Certains experts, cependant, doutent que le Rwanda soit en mesure de construire une industrie du vêtement compétitive. Alors que l’Ouganda, le Kenya, la Tanzanie, l’Éthiopie et le Burundi sont les principaux pays producteurs de coton, le Rwanda a besoin d’importer cette matière première, car le petit État ne convient pas à la production majeure de coton, étant un pays montagneux et extrêmement densément peuplé.

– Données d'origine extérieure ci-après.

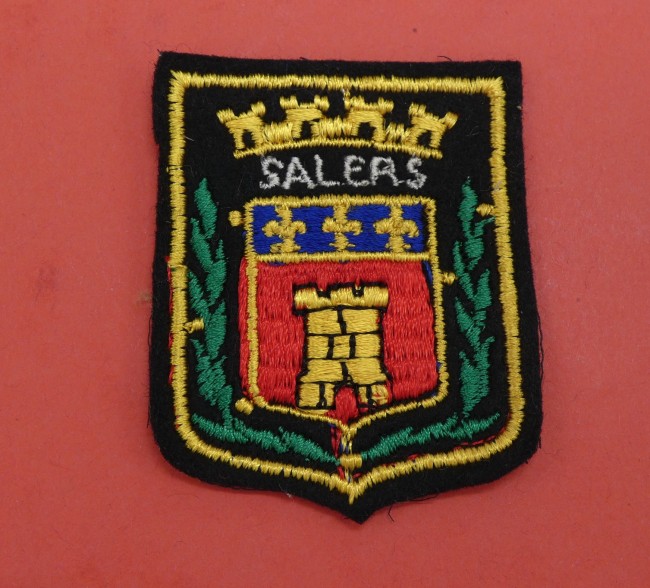 Ecusson ancien brodé ville SALERS 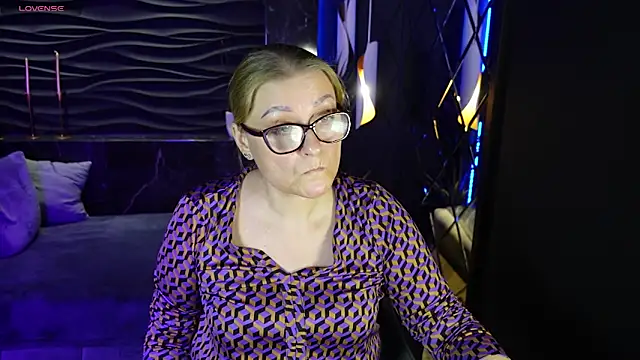 AlexandraKind online show from 02-20-25, 03:01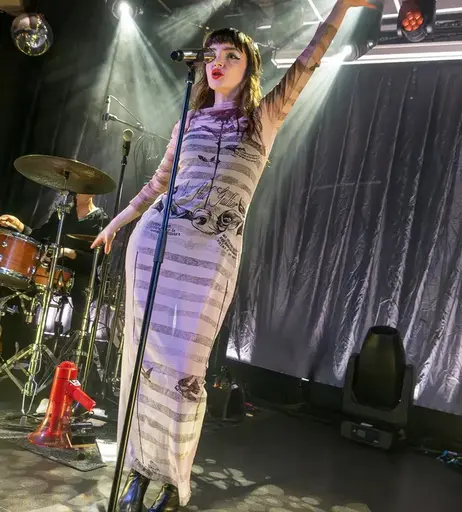 Image 7182857 from Lauren Mayberry (Singer)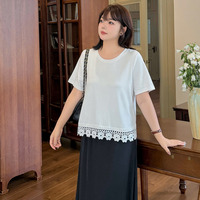 シンプルなオーバーサイズのTシャツの裾にレースをコラージュ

L’eau et l’électricité sont également coûteuses, et le transport routier est extrêmement bureaucratique et coûteux car le Rwanda est un pays sans littoral.

L’interdiction des vêtements usagés semble également avoir un effet totalement différent – involontaire – car elle pousse les Rwandais à commencer à acheter de nouveaux vêtements chinois importés bon marché.

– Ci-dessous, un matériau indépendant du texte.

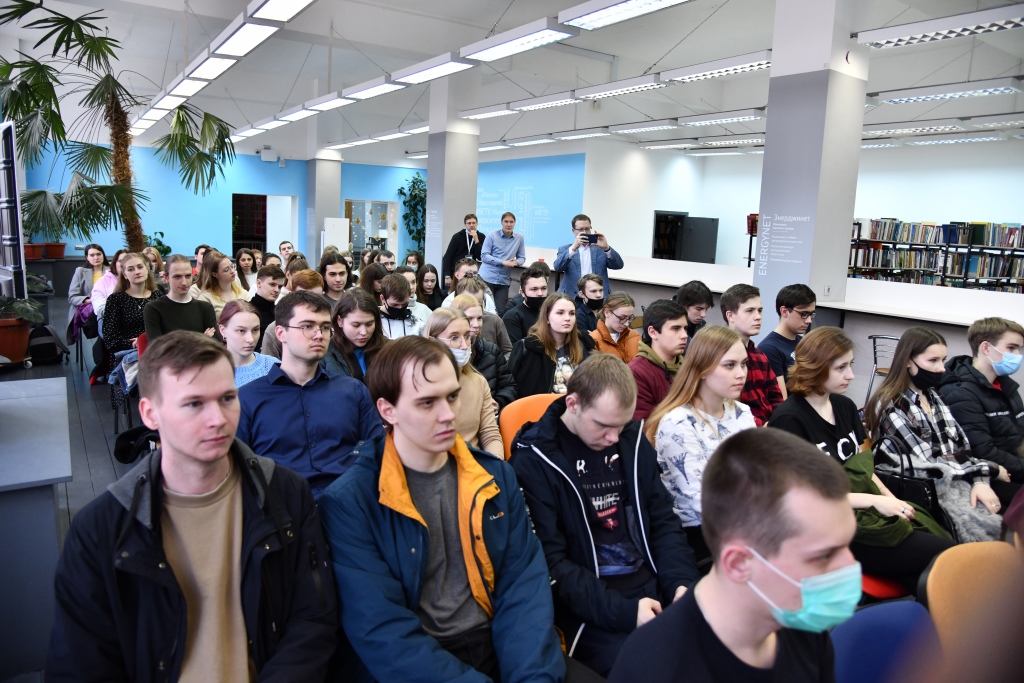 Ярославцам рассказали о современных медиатехнологиях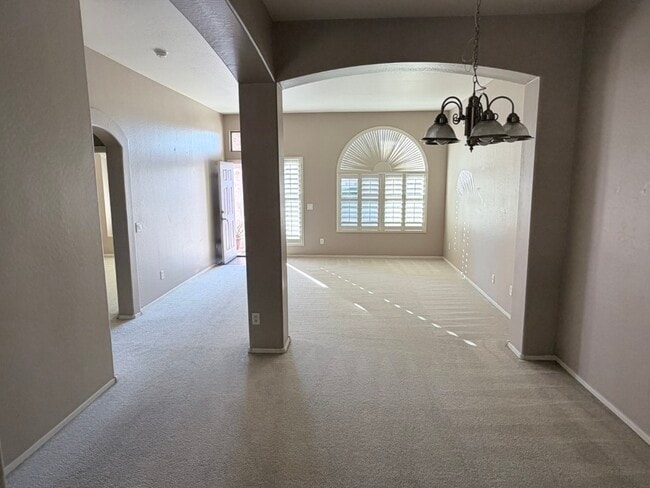 Foto del edificio - 412 E Jasper Dr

«Le gouvernement aurait dû attendre que le pays ait construit une industrie textile mature avant d’interdire le chagua», déclare le vendeur de vêtements Felicien Maniraguha. Il est passé de la vente de vêtements usagés importés à de nouveaux vêtements chinois importés.

Commerce international

En savoir plus sur la série de la BBC sur le commerce international:

M. Maniraguha dit que la production locale de vêtements est encore à une trop petite échelle et que les vêtements ne sont pas assez à la mode.

«Les usines de confection locales n’assemblent actuellement que des vêtements ennuyeux qui ressemblent à des uniformes», explique le jeune homme de 30 ans.

Il contraste cela avec les jeans à la mode fabriqués en Chine et les T-shirts à fleurs qu’il vend actuellement.

«Les Rwandais préfèrent les vêtements qui ont l’air modernes», dit-il. “Je doute que l’industrie textile locale puisse un jour produire de beaux vêtements à la mode qui deviendront plus populaires que les importations chinoises bon marché.”